[WHAT YOU SHOULD DO]:
Extract exactly and only the lines from the one containing "Brembo 08.9759.10 - Disque de frein cwaw.fr" through the end of the entries below. Pictures should not appear in the copy.

[DATA LISTING]:

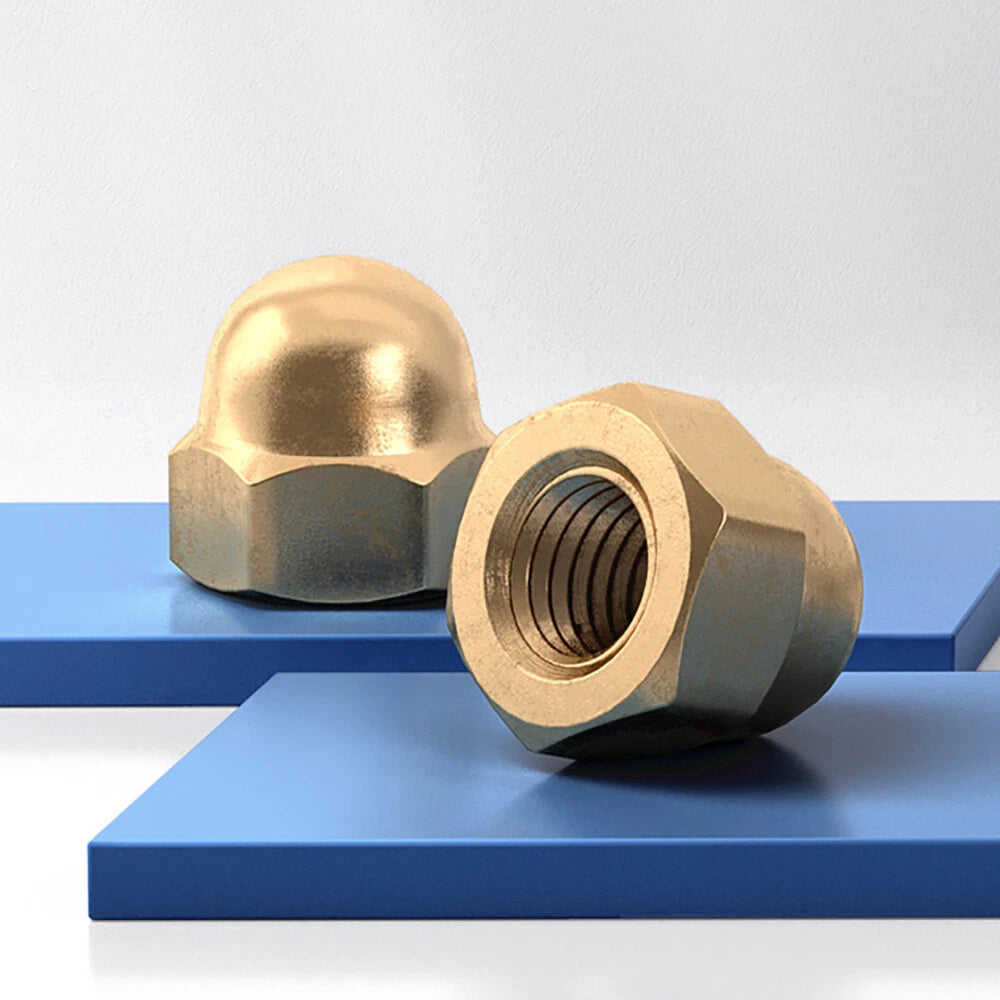 M3-M20 Solid Brass Cap Nuts – Brass Cover Screw Nuts & Decorative Dome Caps, Hex Acorn Nuts (Untreated Natural Finish)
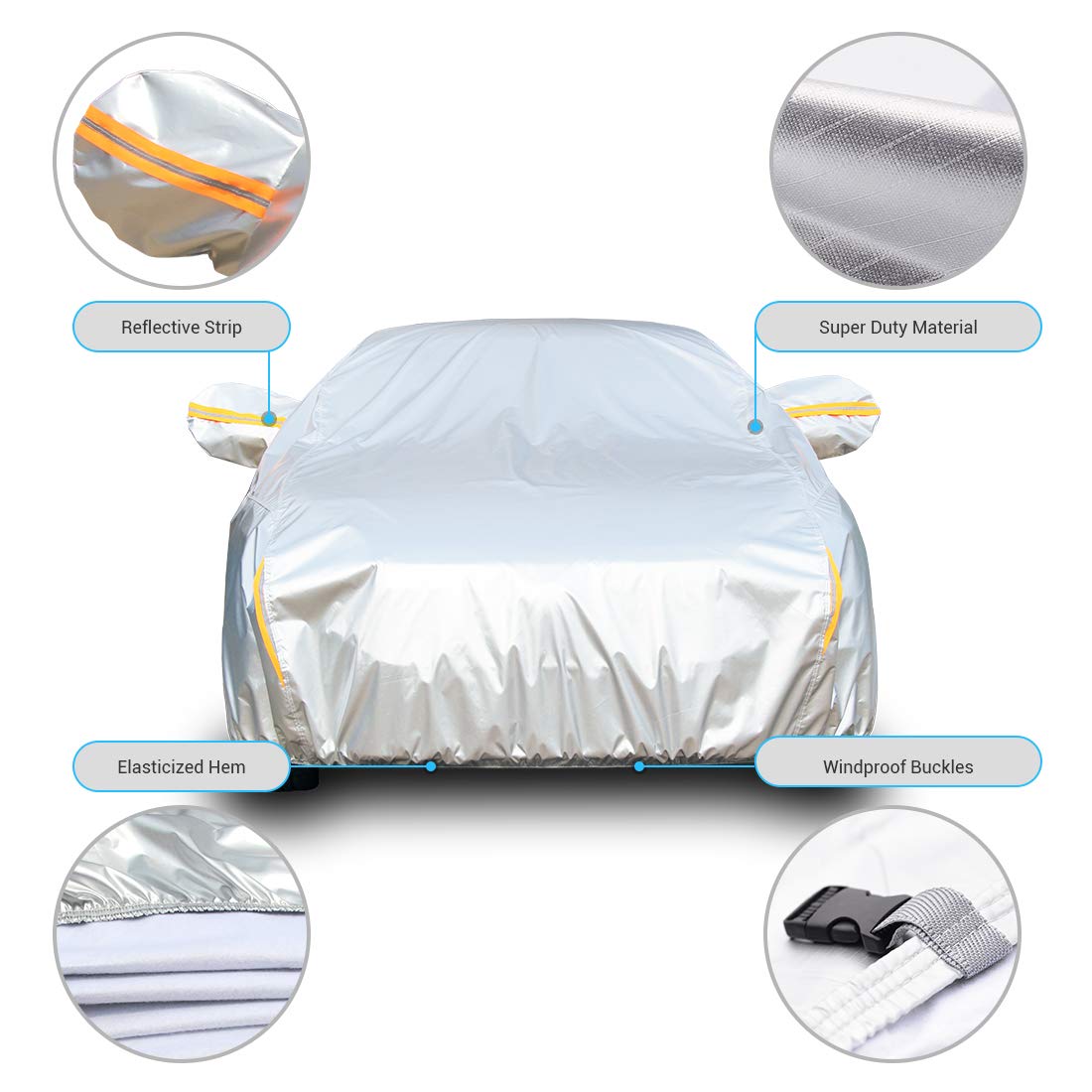 Tecoom Heavy Duty Multiple Layers Car Cover All Weather Waterproof Windproof Reflective Snow Sun Rain Protective Outdoor with Buckles and Belt Fit 191-200 Inches Sedan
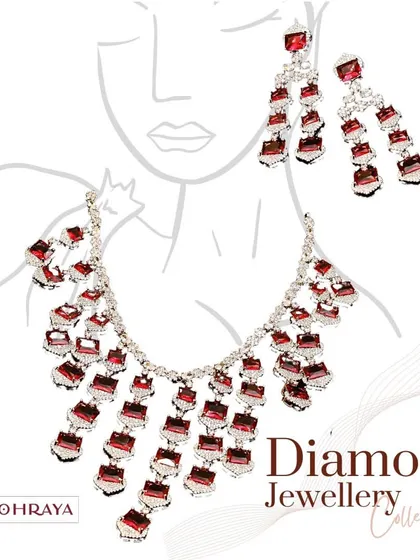 An artistic representation of our diamond and ruby waterfall necklace. This stunning piece is designed to cascade beautifully and catch the light.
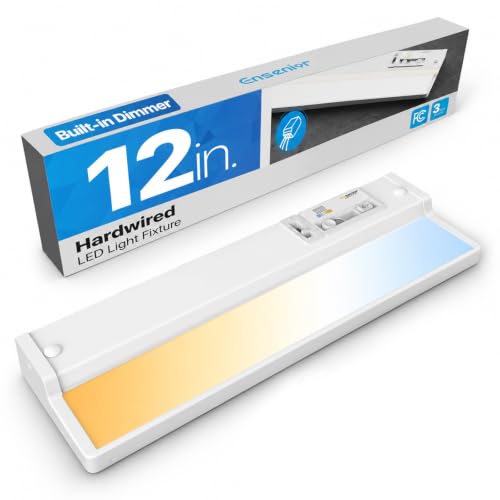 Image of Ensenior Hardwired Under Cabinet Lighting, 12 Inch 8W Under Cabinet Lights | Built-in 4-Level Dimmer & Switch, Premium Aluminum, Easy Link, True-color CRI 90+, 5 Colors, Moisture-Proof, FCC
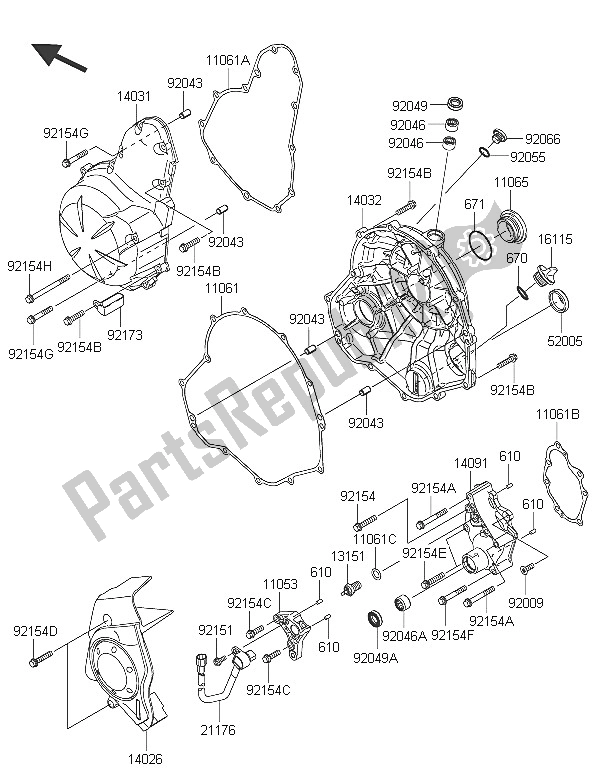 Todas las partes para Cubierta (s) Del Motor de Kawasaki ER 6F ABS 650 2016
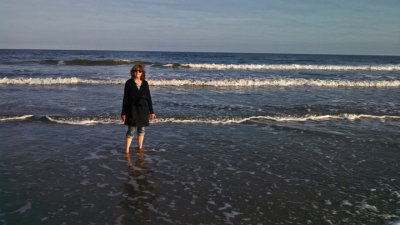 Judy testing the waters - East Coast of Tybee Island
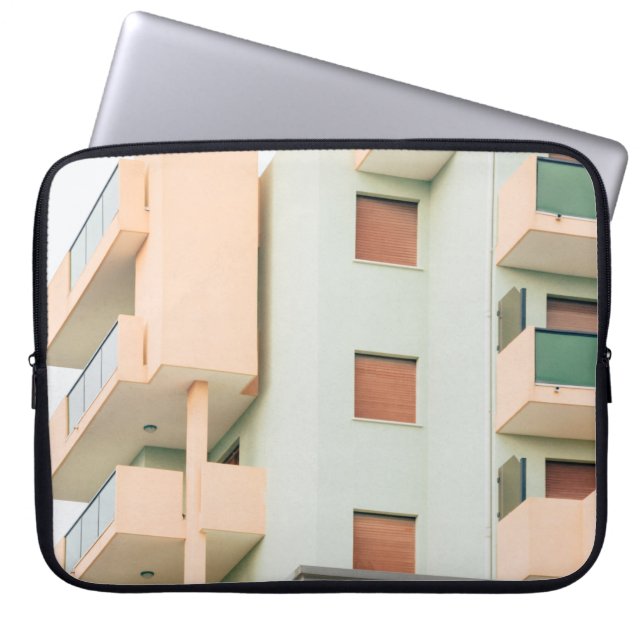 WITTE EN PINKCONCRETE BOUW LAPTOP SLEEVE (Voorkant)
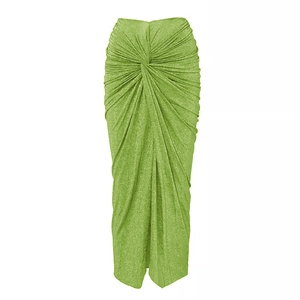 Detail of glitter fabric grass green maxi dress with front knot and ruched design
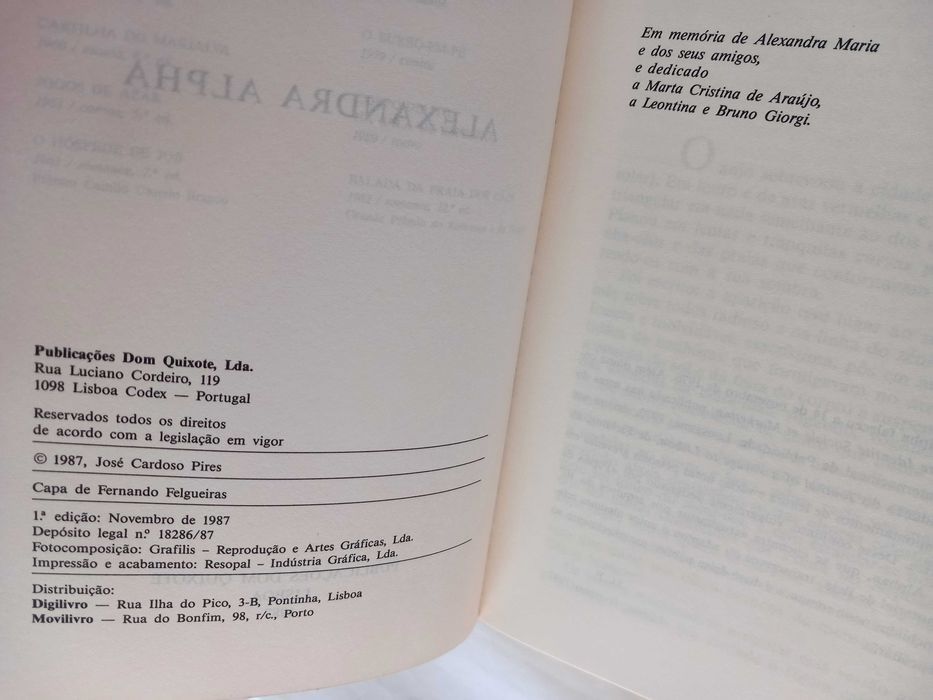 1a Edição (1987) Livro Alexandra Alpha de José Cardoso Pires [Portes Incluídos]
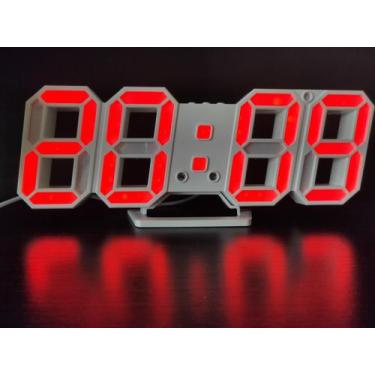 Imagem de Relógio Led Digital 3D Branco Com Led Vermelho Parede Mesa Alarme Snoo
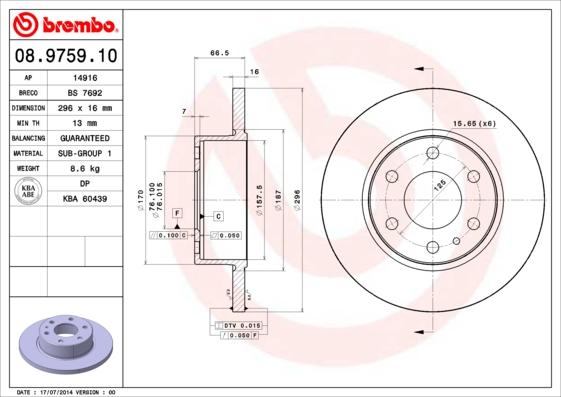 Brembo 08.9759.10 - Disque de frein cwaw.fr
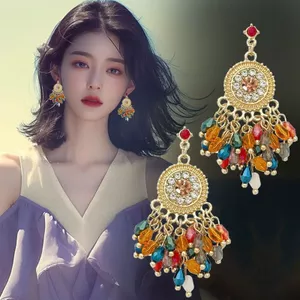 Hàng Ngày Đẹp Siêu Cổ Tích Nhiều Màu Sắc Pha Lê Tua Rua Bông Tai Retro Phong Cách Dân Tộc Bông Tai Thời Trang Bohemian Bông Tai E19862026-6-11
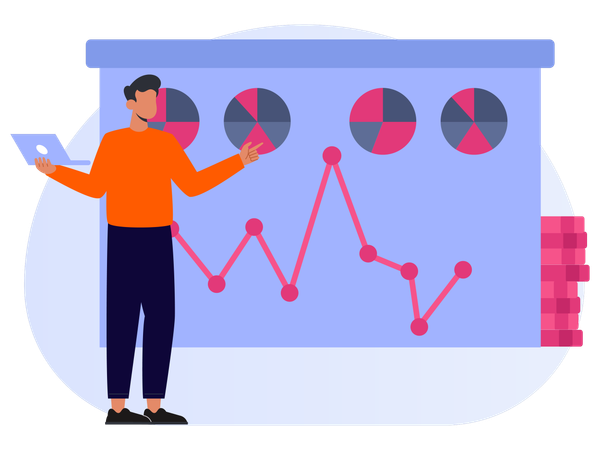 Homme travaillant sur l'analyse financière  Illustration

[SOLUTION TO THE PROBLEM]:
 Brembo 08.9759.10 - Disque de frein cwaw.fr
 Hàng Ngày Đẹp Siêu Cổ Tích Nhiều Màu Sắc Pha Lê Tua Rua Bông Tai Retro Phong Cách Dân Tộc Bông Tai Thời Trang Bohemian Bông Tai E19862026-6-11
 Homme travaillant sur l'analyse financière  Illustration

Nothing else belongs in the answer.